Following is a summary of select programs being implemented under the Green Morocco Plan to improve food productivity and security in light of climatic changes:
- The National Program for Irrigation Water Conservation: 77% of Morocco’s irrigated lands still receive water through surface irrigation methods. This program aims at conserving irrigation water by switching from surface to drip irrigation over a land area of approximately 550,000 hectares [1.36 million acres] by 2020, at a cost of $4.5 billion. Up until 2012, 333,000 hectares [823,000 acres] had been converted, while 700,000 hectares [1.7 million acres] are expected to be dependent on drip irrigation once the program is completed. In order to improve water conservation, the government is also subsidizing the cost of farm equipment needed for drip irrigation and providing crop seeds and seedlings adapted for such use.
- Integrating climate change into the Green Morocco Plan: Climate change will reduce main crop yields and increase agricultural production fluctuations. As a result, the Green Morocco Plan has launched a variety of programs in order to adapt to climate change. The program aims at integrating climate change into the implementation of the plan (2011-2015) to improve overall adaptation to climate change in five regions of Morocco. The key technologies to be adopted on a wide scale include soil-protection measures, such as no-till farming, the use of authorized high-yield drought-resistant crops and crop rotation through the planting of leguminous or oilseed crops after each grain harvest. The program targets 900 small-scale farmers in these regions, and has been presented as an example of a success story at the Conference of Parties to the Convention on Climate Change (COP18) in Doha.
- The program to shift from grains to fruit trees: the aim of this program is to plant 1.1 million hectares [2.7 million acres] of land unsuited for grain crops with fruit trees, particularly olive trees. Land-use suitability maps are used to choose the areas to be converted. The program focuses on land that is barren and degraded in order to encourage greater conservation of soil and water. Small-scale farmers will be organized into cooperatives and groups having shared economic interests, in order to bolster their relationship with and entry into markets, as well as for them to benefit to the maximum from their products’ added value.
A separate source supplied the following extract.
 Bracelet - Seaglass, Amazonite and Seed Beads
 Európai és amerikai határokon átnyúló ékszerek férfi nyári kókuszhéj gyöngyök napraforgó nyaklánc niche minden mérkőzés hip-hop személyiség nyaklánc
- Agricultural insurance: The Climatic Disaster Insurance Program was started by the Ministry of Agriculture to replace the 1996 program to insure against drought. Its aim is to protect small-scale farmers from climatic risks, in particular by reducing weather-related risks on agriculture. It aims as well at promoting easy access to funding, increasing investments, improving crop yields, contributing in developing a high added-value, modern agricultural sector, bolstering solidarity and encouraging small-scale farmers.